扫描电镜图像处理后得到的面孔率结果能够有效反映页岩有机质孔隙的发育程度,在统计样本足够大的前提下能够相对准确地定量表征有机质孔隙的规模大小。由于受扫描电镜绝对分辨率的限制,面孔率结果在小于2 nm的孔径范围内低估了有机孔含量,需要通过吸附法得到的孔径分布结果进行校正,再结合TOC和有效孔隙度来计算页岩有机质孔隙度,从而间接得到有机孔和无机孔比例。渝东南地区4口页岩气井的数据表明武隆和东胜地区以有机孔为主,底部①至②小层的有机孔比例高,最高可达85.89 %;彭水地区受有机碳控制,有机孔比例不高于20 %;平桥地区有机孔比例在20 %~30 % ,层理缝及纹层构造相对发育,尤其是纹层构造中碎屑颗粒与泥质互层间可能存在的裂隙或粒缘缝对无机孔的贡献较大。有机孔比例主要受有机质丰度与有机质孔隙发育程度的影响,有机孔比例与TOC含量在纵向上的变化规律高度一致。

关键词: 页岩, 孔隙, 有机孔, 无机孔, 定量

Abstract:

The results of surface porosity obtained by scanning electron microscopy image processing can effectively reflect the development degree of shale organic matter pore. On the premise that the statistical sample is large enough, the pore size of organic matter can be quantitatively characterized relatively accurately. Due to the limitation of absolute resolution of scanning electron microscopy, the organic pore content was underestimated in the pore size range of less than 2 nm. The results of pore size distribution obtained by adsorption method need to be corrected. Combined with TOC and effective porosity, the porosity of shale organic matter can be calculated, and the proportion of organic and inorganic pore can be obtained indirectly. The data of 4 shale gas wells in southeastern Chongqing show that organic pore is the main type in Wulong and Dongsheng area, and the proportion of organic pore in bottom layer（① to ②） is high, up to 85.89 %. Pengshui area is controlled by organic carbon, and the proportion of organic pore is not more than 20 %. The organic pore proportion in Pingqiao area ranges from 20 % to 30 %, and the bedding fissures and laminar structures are relatively developed, especially the possible fissures or grain margin fissures between clastic particles and muddy interbeds in laminar structures contribute greatly to the inorganic pore. The proportion of organic pore is mainly affected by the abundance of organic matter and the degree of pore development of organic matter. The ratio of organic pore is highly consistent with the variation of TOC content in the vertical direction.
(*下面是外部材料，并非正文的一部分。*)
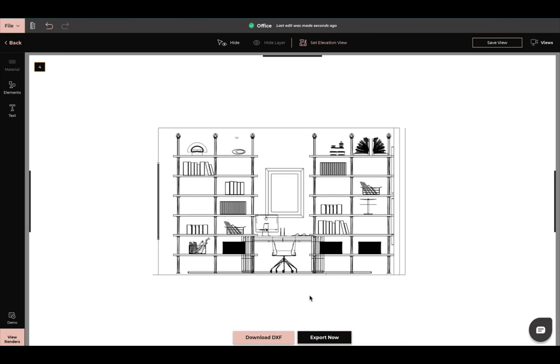And that is how you will export and then also how you will do an elevation view. Good luck and happy designing. Bye.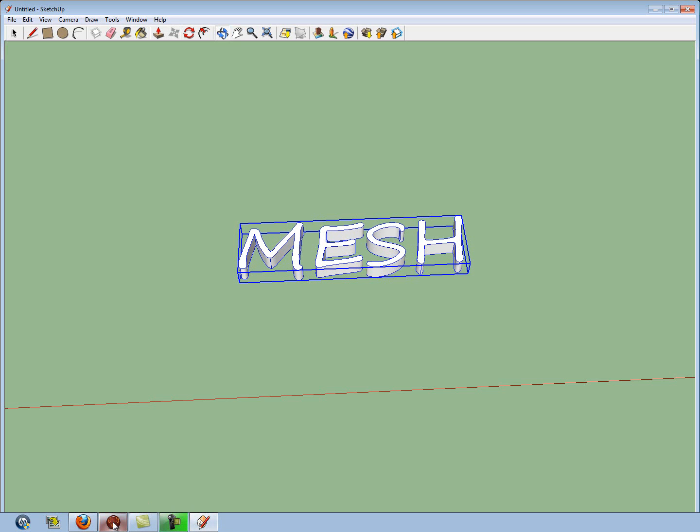And then once you export it to your desktop, use your model import settings on Second Life and import it, and it should look like this.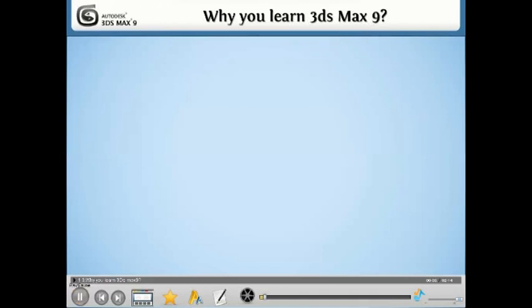Why do you learn 3ds Max 9? In this lesson, we will see why you should learn 3ds Max 9. Here's the answer.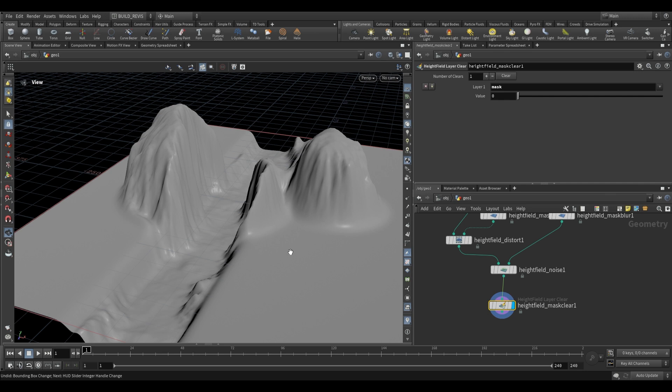So that's all for this video. I do hope that this helped you understand how to use the height field project node. I'll be seeing you in the next video very soon. Thanks for watching. Bye.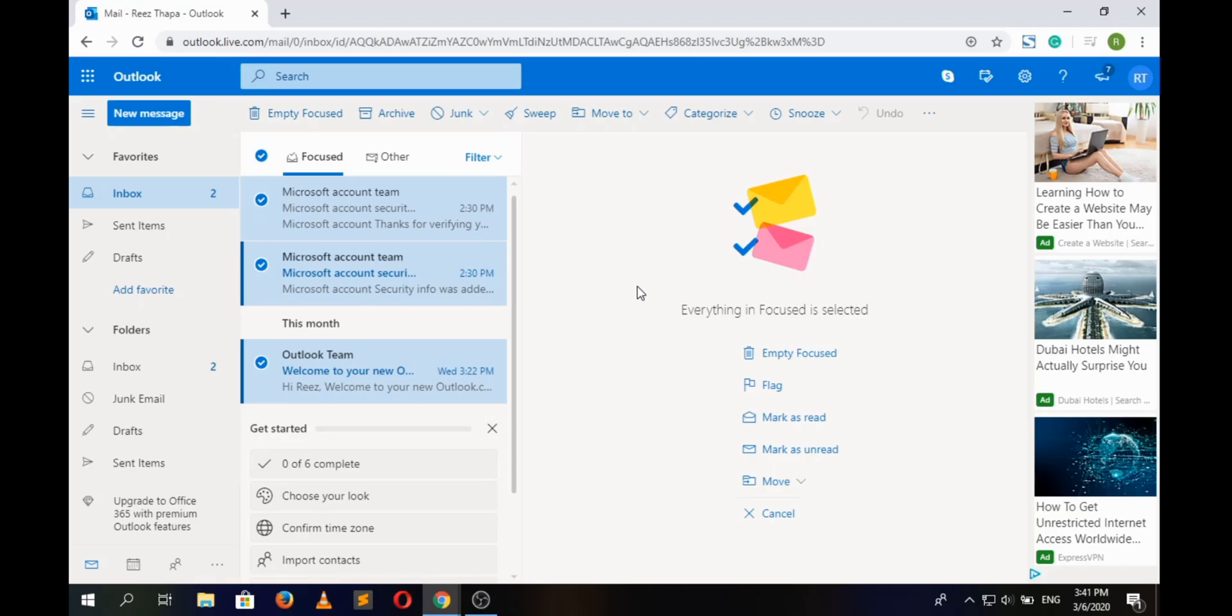In order to change the Hotmail password, you must be logged in to your Hotmail account and remember your current password. If you do not remember your current password, then watch our other video on how to recover Hotmail password. Well, getting into this video, we are already logged in.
Key words: shale, pore, organic pore, inorganic pore, quantify

中图分类号:

TE135

蔡潇,靳雅夕,叶建国,彭柳,孙婧榕,朱一川. 一种页岩有机孔与无机孔定量表征的方法[J]. 油气藏评价与开发, 2020, 10(1): 30-36.

CAI Xiao,JIN Yaxi,YE Jianguo,PENG Liu,SUN Jingrong,ZHU Yichuan. A quantitative characterization method for organic and inorganic pores in shale[J]. Reservoir Evaluation and Development, 2020, 10(1): 30-36.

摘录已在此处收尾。